Short text fragments from websites
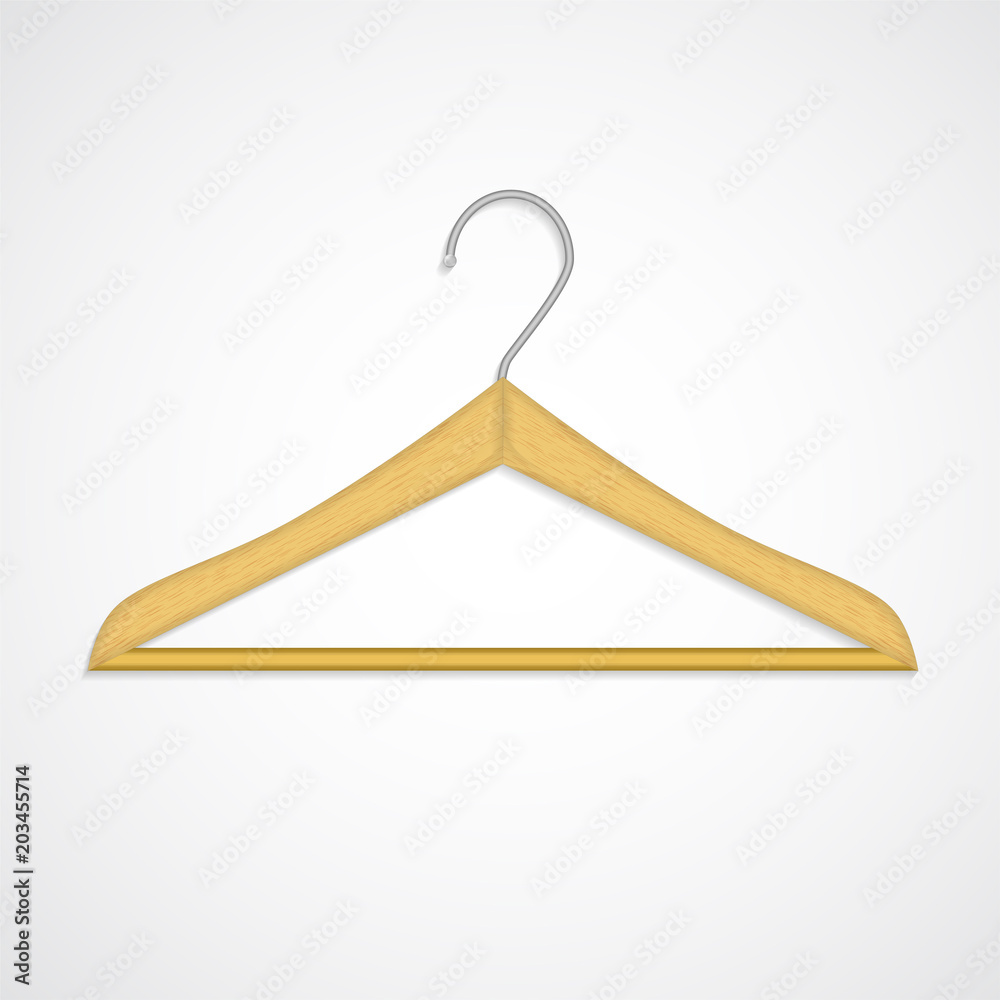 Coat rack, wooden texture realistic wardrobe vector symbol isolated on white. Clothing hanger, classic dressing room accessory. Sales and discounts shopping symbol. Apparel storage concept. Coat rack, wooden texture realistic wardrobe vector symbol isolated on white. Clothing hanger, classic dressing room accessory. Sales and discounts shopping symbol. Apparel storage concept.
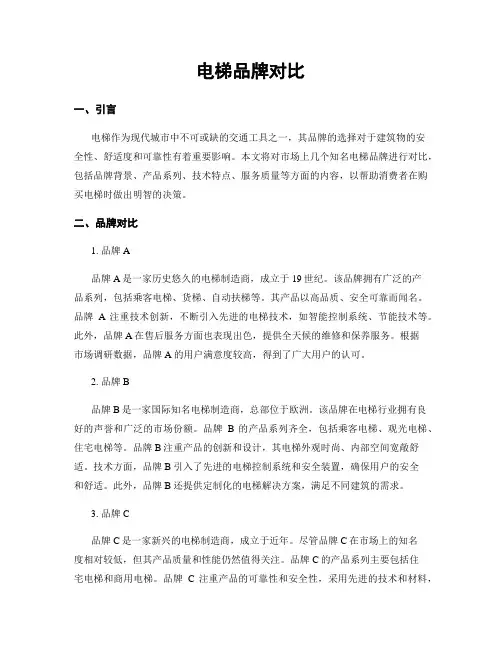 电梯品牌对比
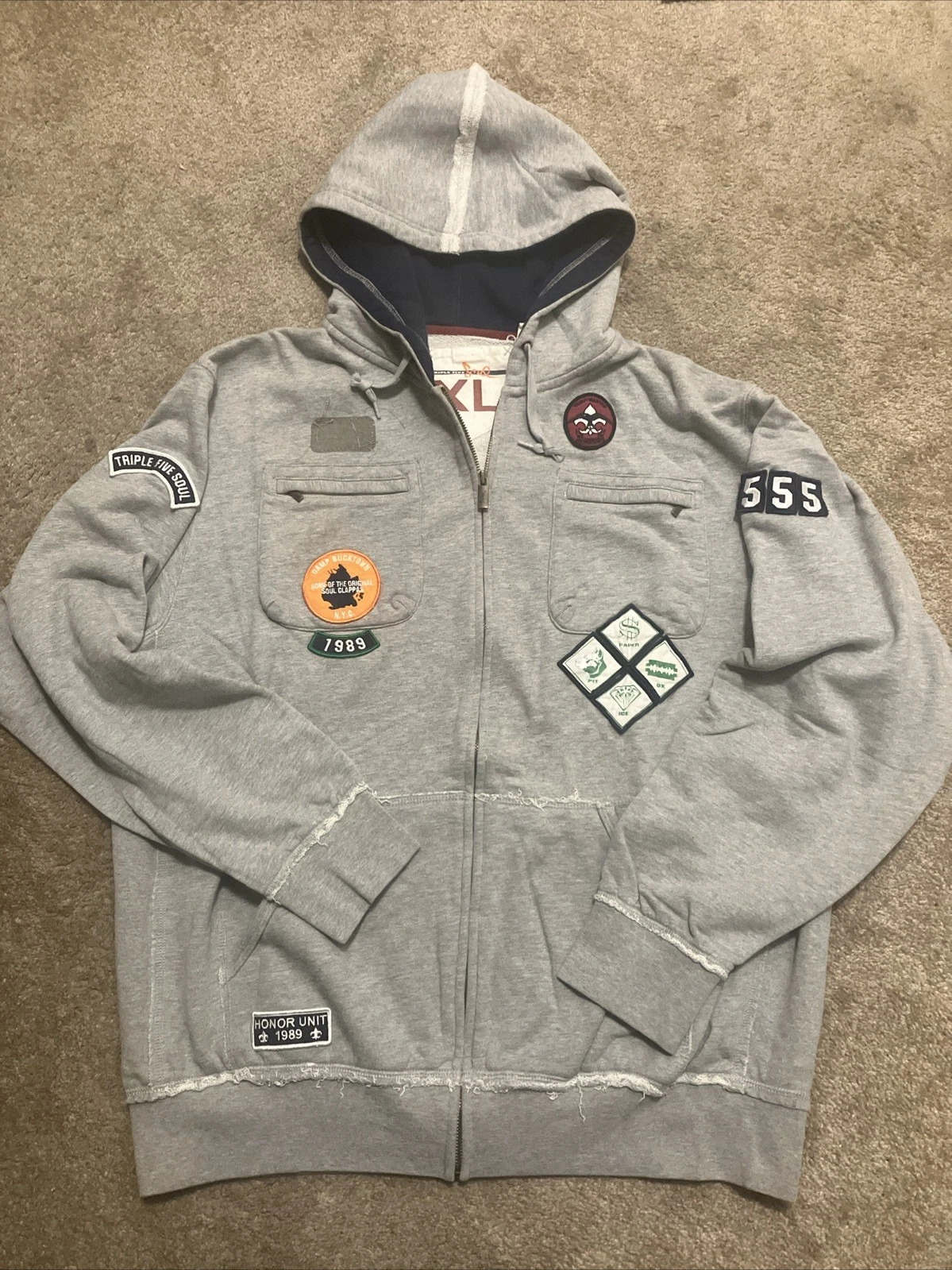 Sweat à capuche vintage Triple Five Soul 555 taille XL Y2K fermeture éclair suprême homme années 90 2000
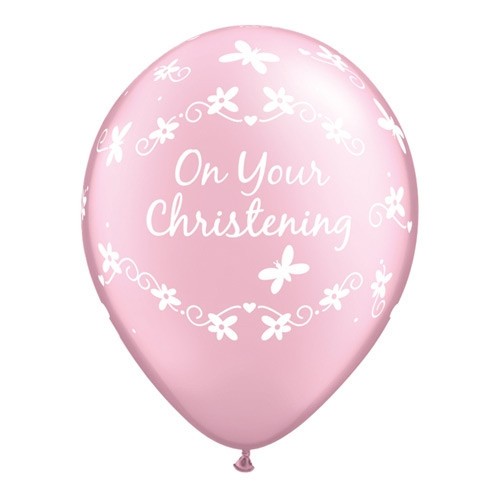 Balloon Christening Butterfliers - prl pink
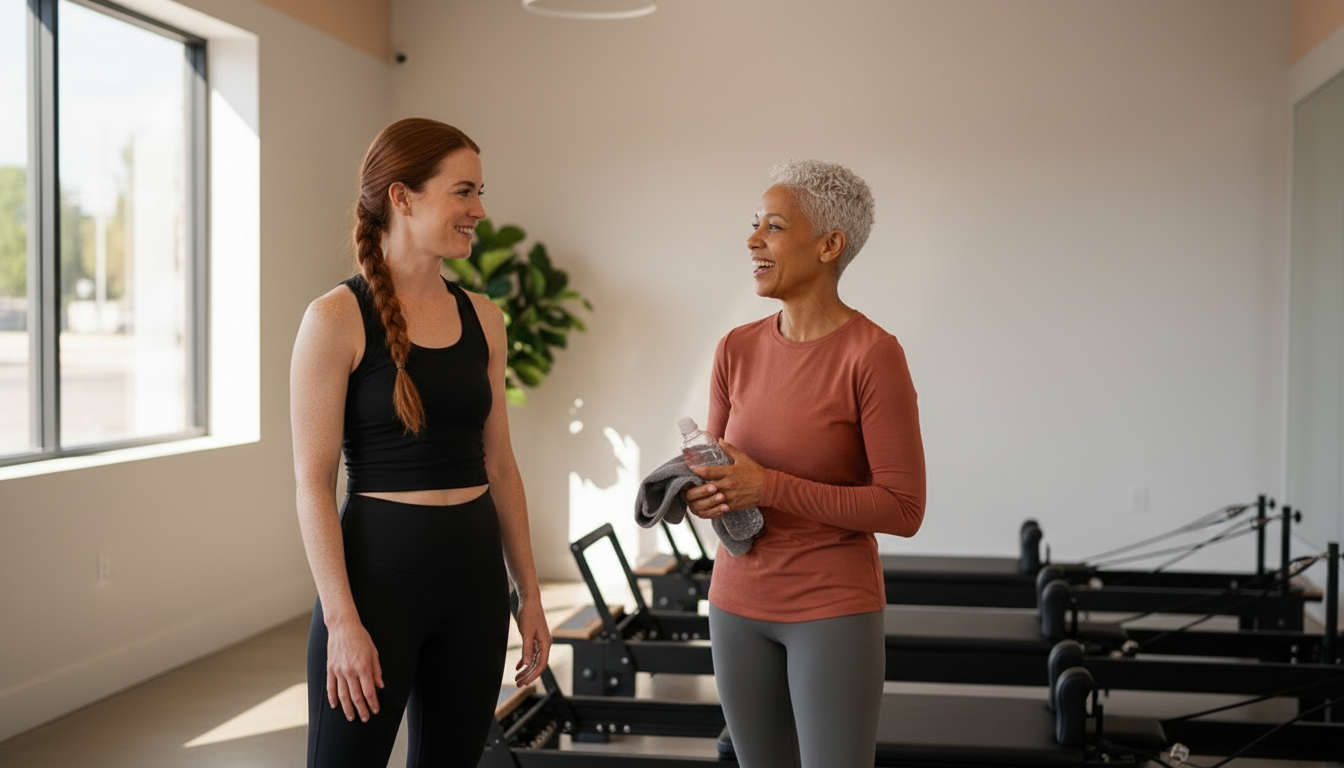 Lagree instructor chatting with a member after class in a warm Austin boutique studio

Prompt: Would you return the data above exactly as written, minus the images?

Worked solution:
 Coat rack, wooden texture realistic wardrobe vector symbol isolated on white. Clothing hanger, classic dressing room accessory. Sales and discounts shopping symbol. Apparel storage concept. Coat rack, wooden texture realistic wardrobe vector symbol isolated on white. Clothing hanger, classic dressing room accessory. Sales and discounts shopping symbol. Apparel storage concept.
 电梯品牌对比
 Sweat à capuche vintage Triple Five Soul 555 taille XL Y2K fermeture éclair suprême homme années 90 2000
 Balloon Christening Butterfliers - prl pink
 Lagree instructor chatting with a member after class in a warm Austin boutique studio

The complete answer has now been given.